As things currently stand, the two main U.S. priorities for Syria, containing the civil war and securing the regime’s WMD, are more or less fulfilled. The risk of chemical-weapons loss or usage in Syria is relatively low because Syrian president Bashar al-Assad is not facing a mortal threat—at least not yet. And the sectarian violence inside the country has not furiously spilled over to neighboring countries—again, not yet.

An Agenda for Washington

Does the present calm mean that the United States can afford to watch from afar and do the bare minimum in Syria? Assad may be in good shape now, and the balance of power currently may be tilted in favor of his forces, but several developments could change the dynamics inside Syria in the not so distant future and undermine U.S. priorities there.

Neighboring Turkey is starting to get worried about its own security. The recent firing by Syrian soldiers into a refugee camp inside Turkey (Turkey hosts thousands of Syrian refugees), killing two, has raised the prospects of Turkish military action, with prime minister Recep Tayyip Erdogan calling for NATO intervention. And it is only a matter of time before Saudi Arabia, Qatar and other neighboring countries actually deliver on their promises to supply the Syrian rebels with substantial amounts of money and modern weaponry. Unsurprisingly, Kofi Annan’s peace plan has failed to stop the violence, thus boosting the chances that military options will be seriously entertained by neighboring countries.

The reality is that a full-blown civil war in Syria is in the works, one that will surely change U.S. priorities in the country. Thus, Washington cannot afford to lead from behind. It is smart to repeat that Syria is not Libya in advancing an argument against military intervention. But it is precisely because Syria is not Libya that Washington cannot merely state its concerns and hope for the best. Unlike in Libya, the stakes in Syria are high, and the United States must take charge, although that does not necessarily mean boots on the ground, another Libya-like aerial campaign or other military options.

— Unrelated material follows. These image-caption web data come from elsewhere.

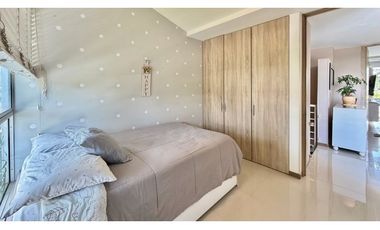 SE VENDE CASA EN VERDE ALFAGUARA JAMUNDI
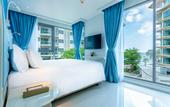Туры в отель Centara Sonrisa Residences & Suites Sriracha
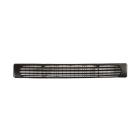 Frigidaire FFTR18D2QS7B Kick Plate Grill - Genuine OEM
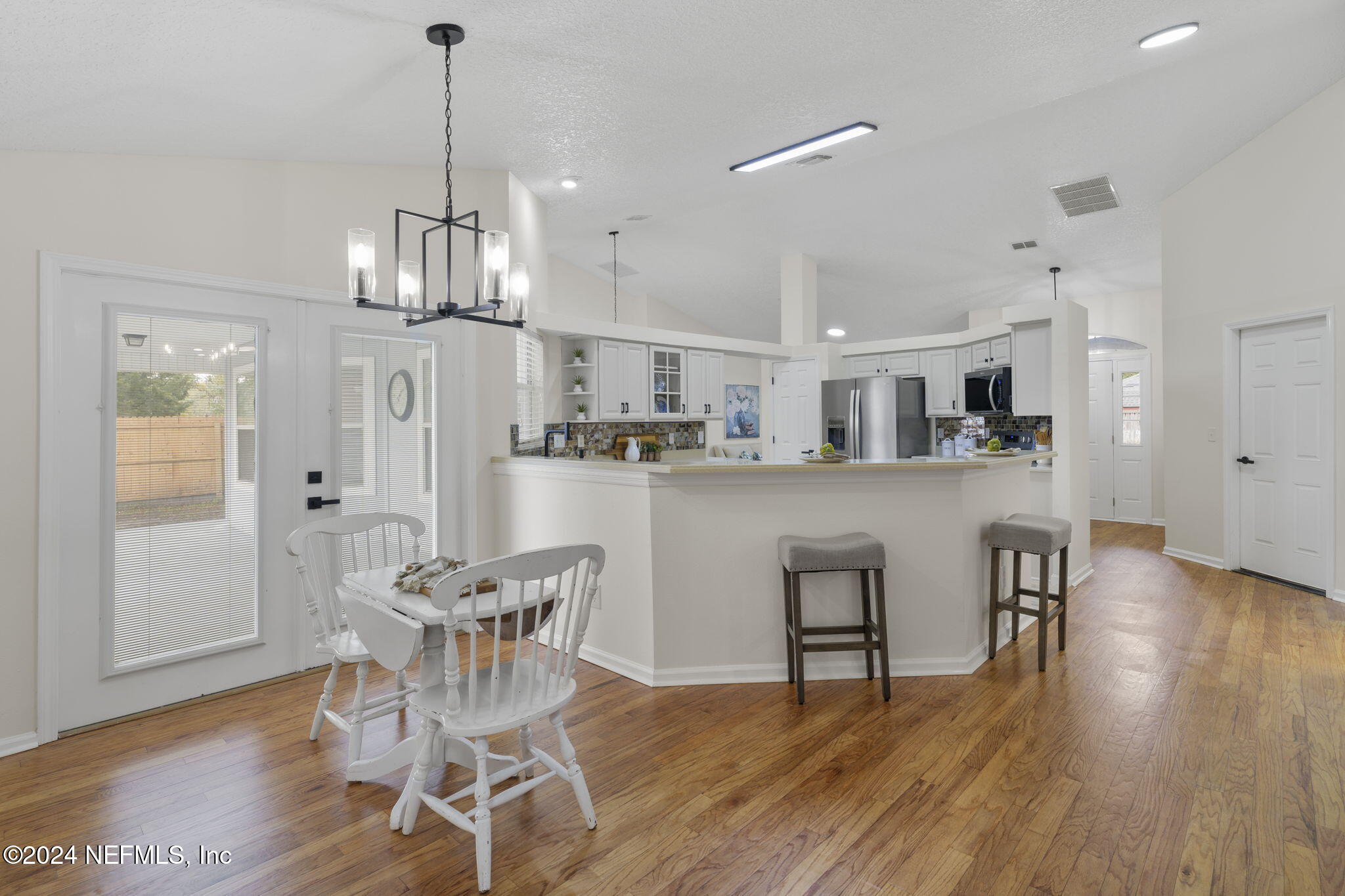 2985 COLD CREEK Boulevard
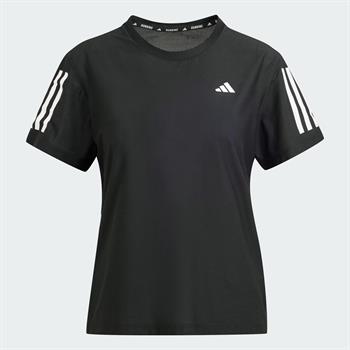 adidas Own The Run Kadın Tişört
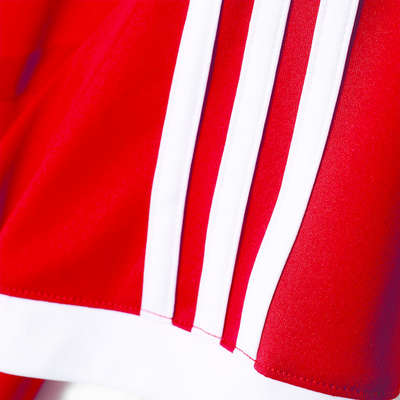 Adidas Jersey TABELA 14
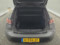 preview Peugeot 208 #4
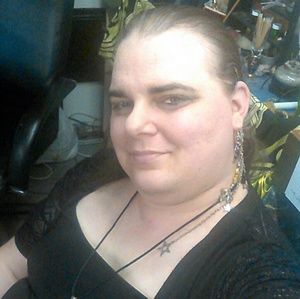 Meet your Posher, Emmalee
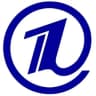 Telegram-канал Москва первая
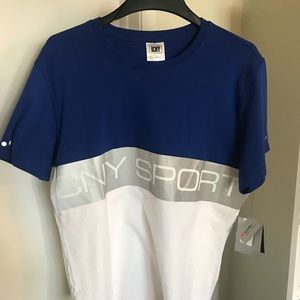 Brand new Icny t shirt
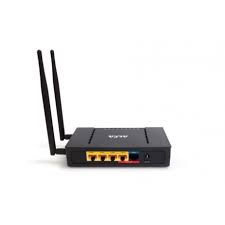 As i will be moving soon i will be needing a new router for managing my home network. Wifi Router Siliceo Online Shopping Siliceo Tienda Online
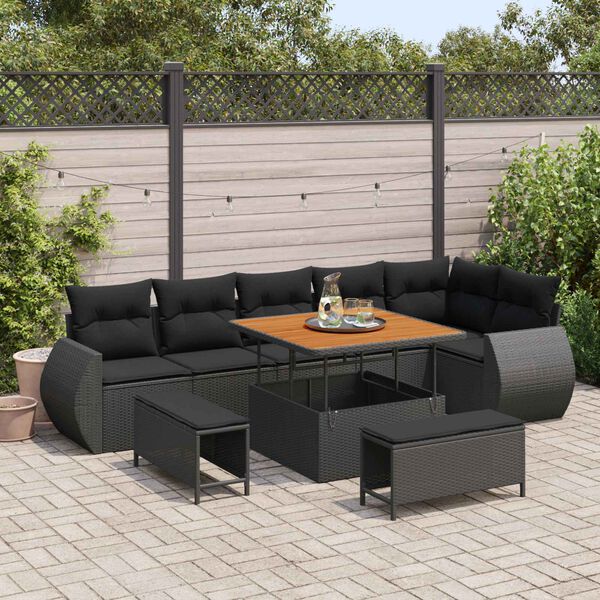 Showing Product Image 2 of 19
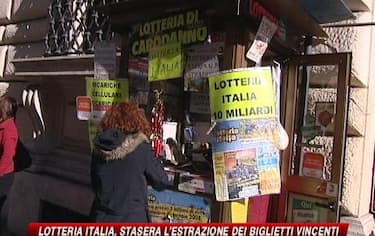 IMG_LOTTERIAITALIA1343_548x345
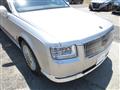 2019 Toyota Century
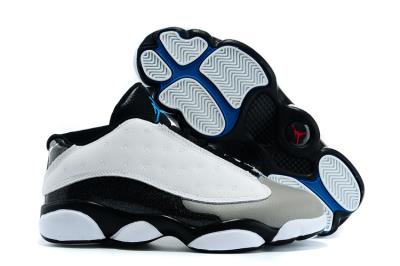 Air Jordan 13-355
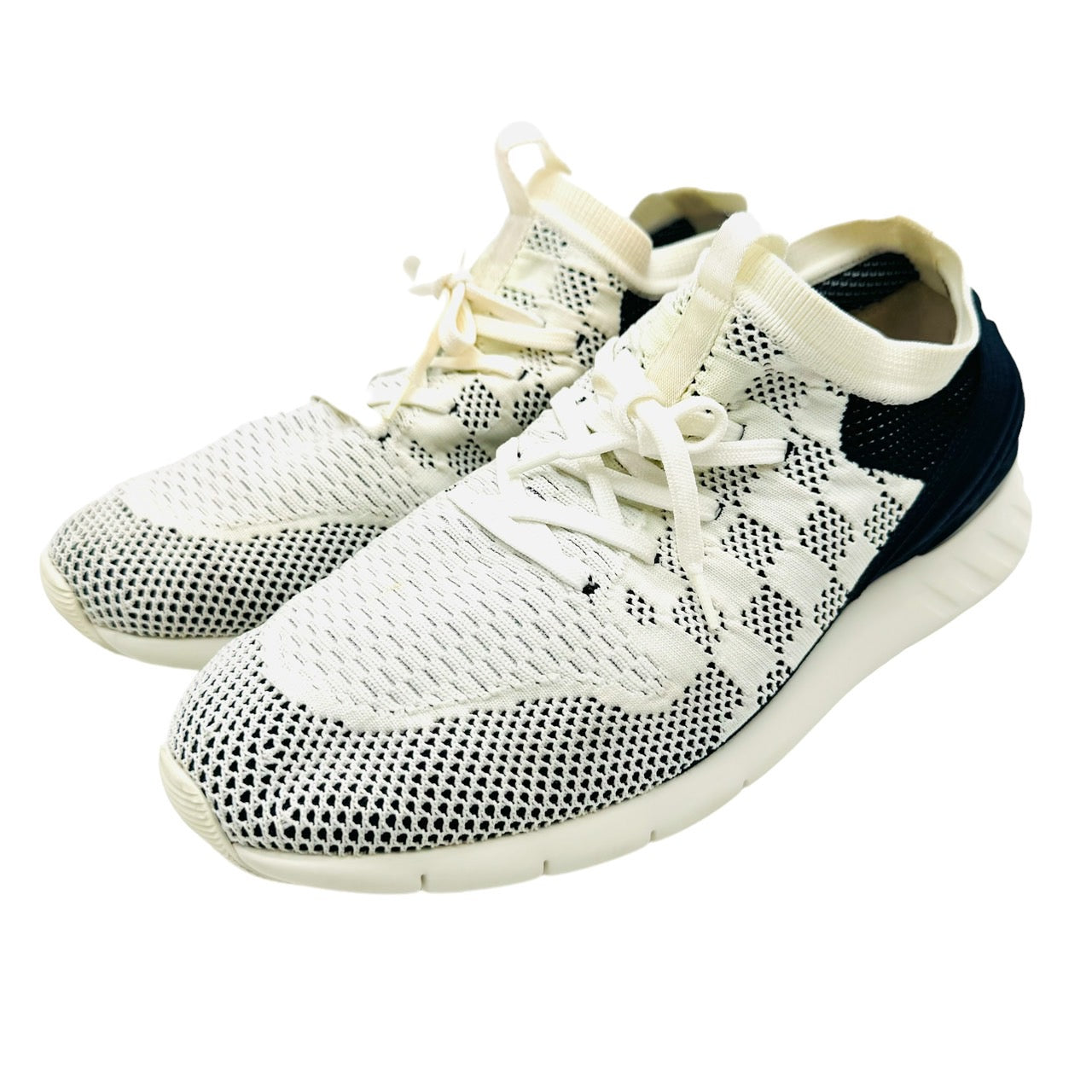 LOUIS VUITTON Fastlane Sneakers Men's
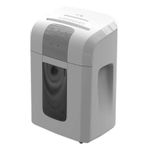 Sarff S-430 Evrak İmha Makinesi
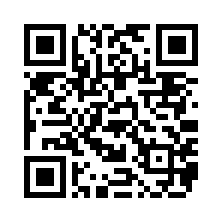 QR Code for bitcoin:3HnuFsDvdZXVvBjX5hbQos3ZRKPy9DcLXv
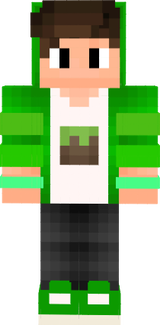 kill14_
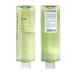 Shop Aqua Peeling Solution - 3X 500ML Korean Dermabrasion Facial Cleanser | International Shipping - Buy Online on GoSupps.com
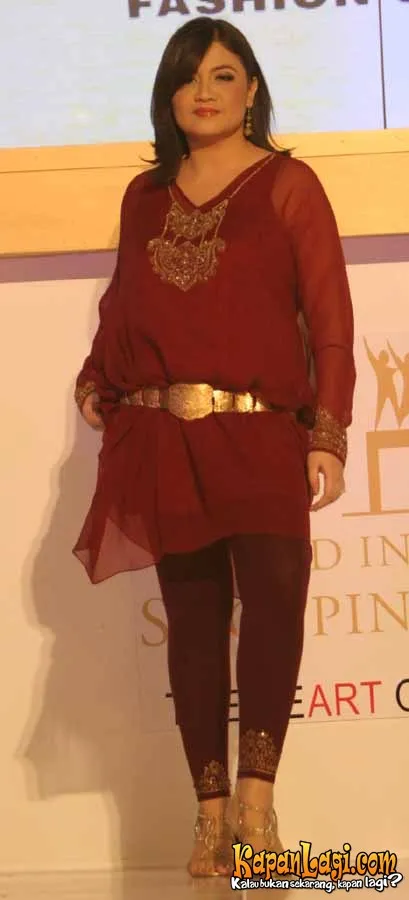 Foto Cornelia Agatha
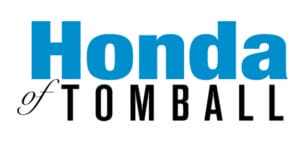 HondaOfTomball_logo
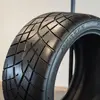 TOYO TIRES PROXES DRIVING PLEASURE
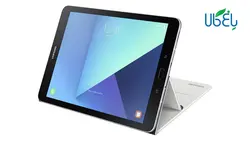 تبلت سامسونگ مدل (galaxy tab S3 9.7 (wifi
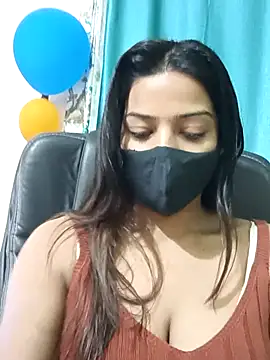 Snapshot of CRAZY__BITE chatting on 1, 12, 2025 CRAZY BITE online show from 1, 12, 2025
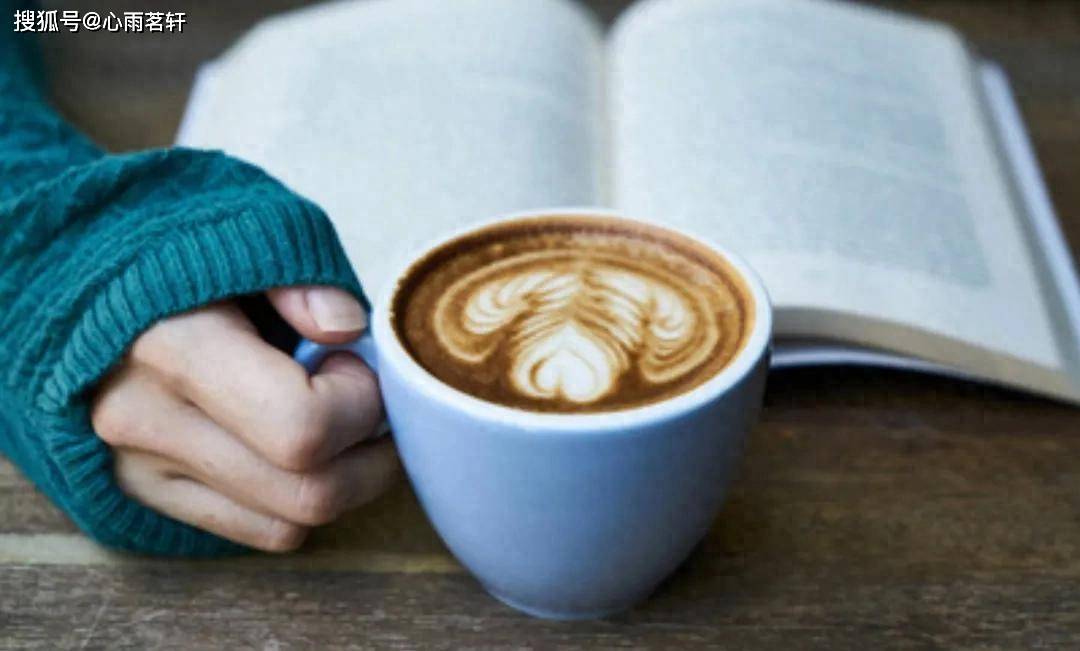 原创            最聪明的活法：一定要学会自救，学会适度的克制，保持良好的心态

Washington’s reactive Syria strategy is at risk of being overrun by events on the ground. A more proactive strategy is desperately needed, one that entails tough bargaining and creative diplomacy with the Russians. The United States needs to know what it would take for Russia to abandon the Syrian regime. If it is continued access to the port of Tartous and business opportunities, as well as healthy trade and strategic relations with the next Syrian government, then so be it. The administration should get it on paper and have the Syrian opposition sign off. There also should be frank discussions about the U.S. policy of NATO expansion.

This high-stakes negotiation with Moscow will obviously not be just about Syria. It will be about the future of the Middle East and U.S. strategic interests—oil, Israel, stability and democracy promotion—in that vital part of the world. Maybe the price of Russian cooperation is higher than this, but it’s high time Washington negotiates with Moscow in a serious fashion.

If Assad loses Moscow as a friend at the UN Security Council, things will get much tougher for him at home. Russia’s change of position could well be the trigger for some real defections in the Syrian government. Yet domestic politics in Washington and Moscow could stand in the way of a more aggressive U.S. diplomatic strategy. Will Barack Obama risk raising the stakes on Syria before November and talk tough with Vladimir Putin? Will Putin play ball at a time when he is trying to reassert himself on the international stage and show domestic opponents that he can defy Washington? It’s possible but not inevitable—and only an offensive diplomatic strategy can keep the possibility open.